First off, as I discussed previously, Copyscape is ill-targeted at bloggers. It’s reliance on the Google database gives it only limited usefulness in the rapid-fire world of blogging. Delays in updates to the Google database blunt its effectiveness. Also, since many splogs and scrapers are blacklisted from Google, some of the worst offenders may not show up in Google at all.
Though Sentinel will be limited in that it will only check for plagiarism once every so often, it’s checks will be for the content immediately available, using RSS feeds to pull the latest versions of all blogs. Also, Copyscape searches are not automated and will only provide the top ten results. Considering the high rate of false positives with the service, that could leave the vast majority of misuse undetected unless you pay for the Copysentry service, which only protects ten pages at the most basic level.
(Note: There is no Google API for its blog search tool so, as of yet, no outside service can search through it. There is, however, a Technorati API.)

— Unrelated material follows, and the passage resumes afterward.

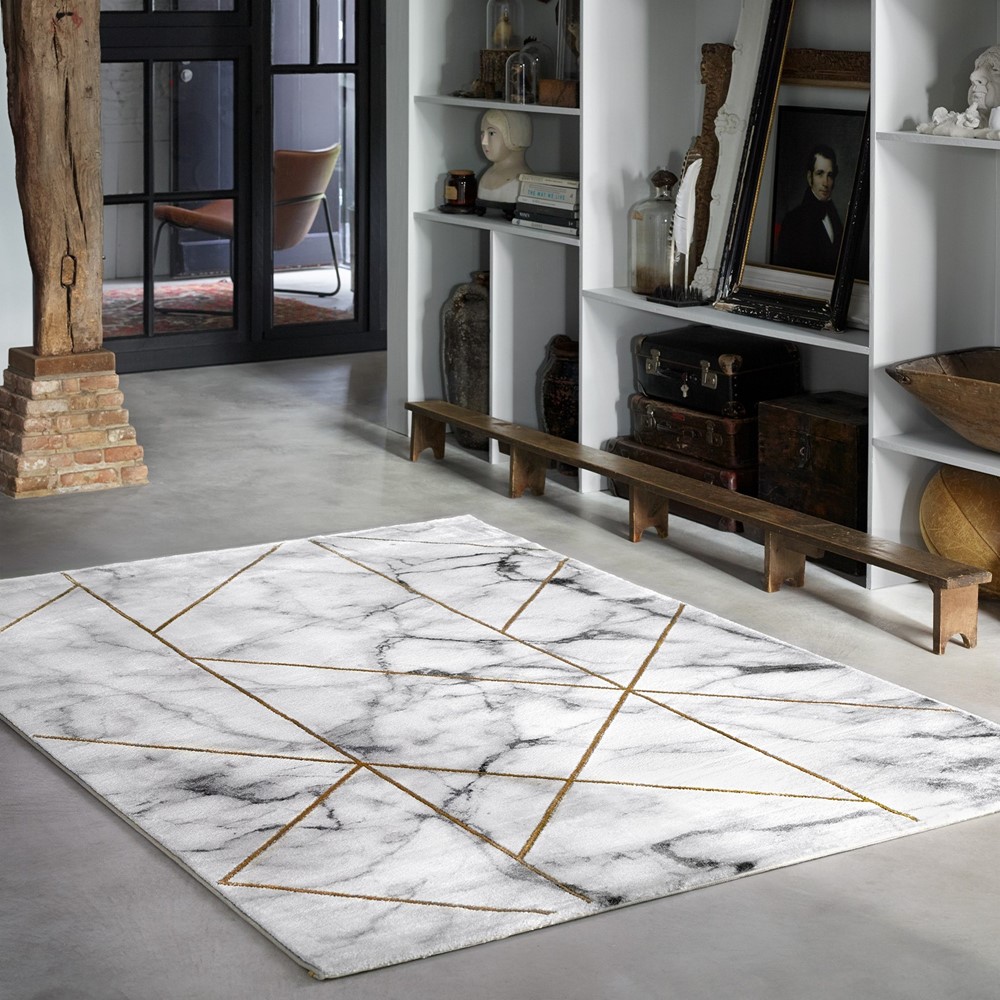 Weconhome Modern Marble Rugs 23391 957 in Silver and Gold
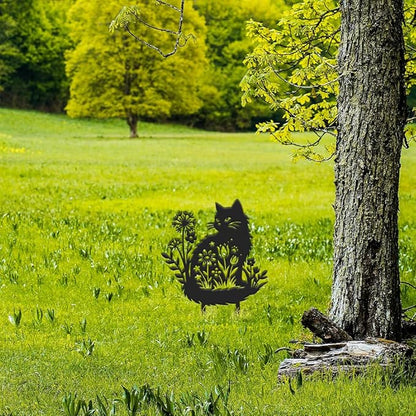 SUPERDANT Metal Cat Garden Decor for Outside Flowers Kitten Yard Stakes for Decorations Outdoor Statues Iron Art Stake Decorative Silhouette Lawn Ornament Patio Porch Farmhouse Decoration Gifts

Google Alerts, while automated, will share many of the same problems. Also, setting up a GA for each blog entry is a time-consuming process that doesn’t mesh well with the nature of blogging. Since the automatic generation of Google Alerts is prohibited at this time, there’s no way to integrate GAs into blogging products. Also, GAs only (reliably) detect full fledged copy and paste jobs and have no ability to detect partial reuse and/or modified content.
Finally, Feedburner, though providing valuable feed statistics and some impressive tools to deal with RSS scraping, has severe limitations. Since it can only detect reuse of your feed, it’s possible for scrapers to grab from other sources, such as Technorati watchlists and your site’s original, unprotected feed, without detection. I’ve noticed at least a few sploggers scrape some or all of my content without Feedburner noticing.
In that regard, Feedburner might be seen as a compliment to Sentinel. Feedburner detects most traditional scraping immediately and Sentinel, hopefully, will be able to pick up the rest.
The bottom line is that, while Sentinel may overlap existing technologies, it also fills gaping holes that they’ve left behind, offering a layer of protection unlike anything seen bloggers have seen before.
In the end, bloggers will have to decide whether or not they want to use Sentinel. However, since the basic version of Sentinel will be free, there will be little reason not to.
If it goes as it appears to be, it will likely service the merely curious, the protectors of copyright and the copyleft crowd alike. Anyone who is remotely interested, for any reason, about where their content is being reused will likely find something to smile about when using Sentinel.
But in terms of pure copyright protection, Sentinel will likely be very hard to beat. both for its brain and for its immediacy. It will be very interesting to see if and how Sentinel affects content reuse, both legitimate and illegitimate, after it is released.
Until then though, anyone who is interested in Sentinel should visit the Blogwerx site and add your email address to their list of potential beta testers.
It should be a very interesting launch.